L’ente bilaterale, sottolinea Sortino, lavora “in uno spirito di collaborazione e non di contrapposizione tra imprese e lavoratori. Noi- sottolinea- vogliamo facilitare l’ascolto delle esigenze per trovare una sintesi e un equilibrio, l’obiettivo della indagine è quello di inserire un miglioramento sul piano contrattuale per una forma di lavoro poco trattata. La casa diventa un luogo di lavoro e servono quindi nuove regole per disciplinare aspetti finora poco conosciuti“. Con la pandemia da coronavirus, osserva, “siamo stati catapultati in una situazione inaspettata. Noi, da tempo nelle nostre strutture, avevamo già sperimentato il lavoro agile, dotando i lavoratori di strumenti aziendali e avevamo avuto un riscontro positivo, notando una produttività migliore, una nuova organizzazione del lavoro e obiettivi di qualità raggiunti”. Ora si tratta di capire che “ripercussioni ha il lavoro agile sui lavoratori e sull’organizzazione dell’azienda perché ci sono sicuramente degli aspetti di maggiore gravosità ed isolamento dei lavoratori”. 

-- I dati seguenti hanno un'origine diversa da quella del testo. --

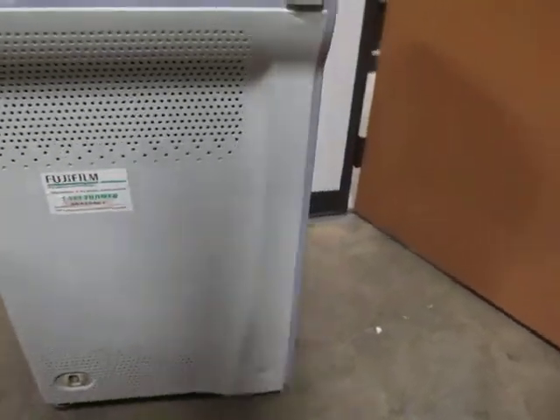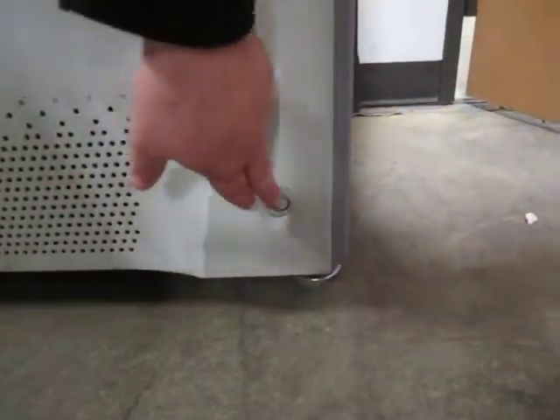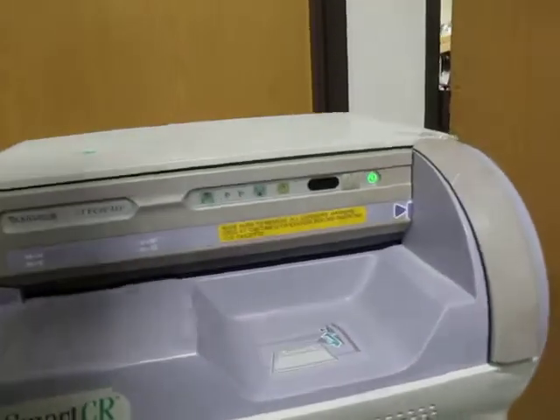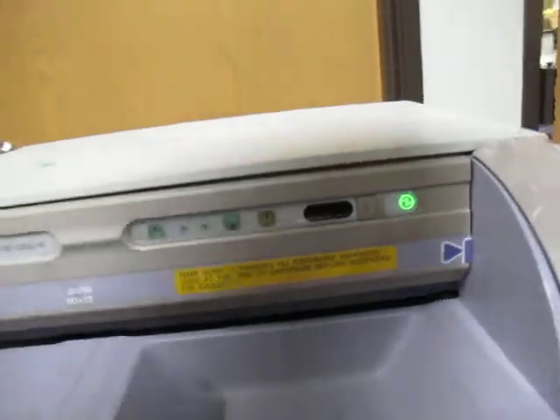There's a power button on the right side down here, and an on/off switch over here. Then there's this button which probably does more when you put the cartridges in.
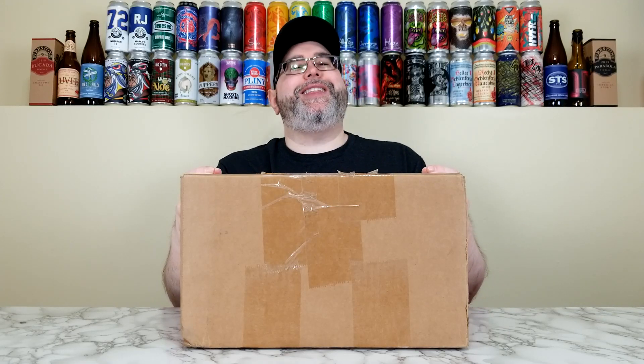What's up everyone, back for another Beer Mail, and today I'll be unboxing a Beer Mail courtesy once again of Hop Butcher for the World, so huge thanks to them for this box of goodies.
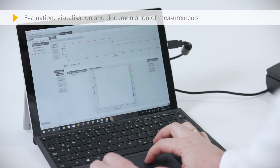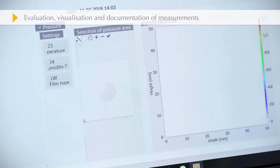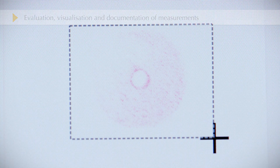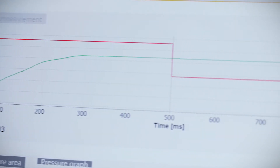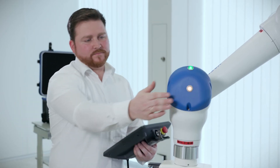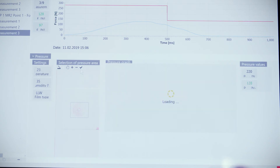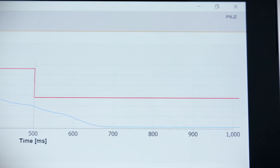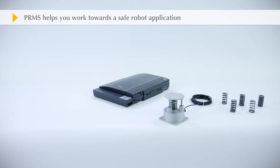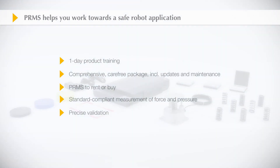Force and pressure are evaluated using the software supplied. If the values are outside the specified limits, the robot parameters will need to be corrected. HILT's robot measuring system PRMS helps you work towards a safe robot application.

Bisogna ragionare su un diverso concetto di sicurezza sul lavoro, sul diritto alla disconnessione, fino all’introduzione di un nuovo sistema di tutele sociali, sanitarie e previdenziali che si addicano al lavoro smart”. 

Da rilevare anche il capitolo formazione: “E’ un aspetto importante su cui abbiamo lavorato molto, ci siamo dotati degli strumenti per permettere una formazione a distanza e non in presenza, e questo si potrà sicuramente ulteriormente sviluppare con adeguati strumenti”. Insomma il lavoro agile da tipologia di lavoro per l’emergenza deve diventare, conclude il presidente di Epar, “un traino innovativo e favorire lo sviluppo di una nuova organizzazione aziendale“.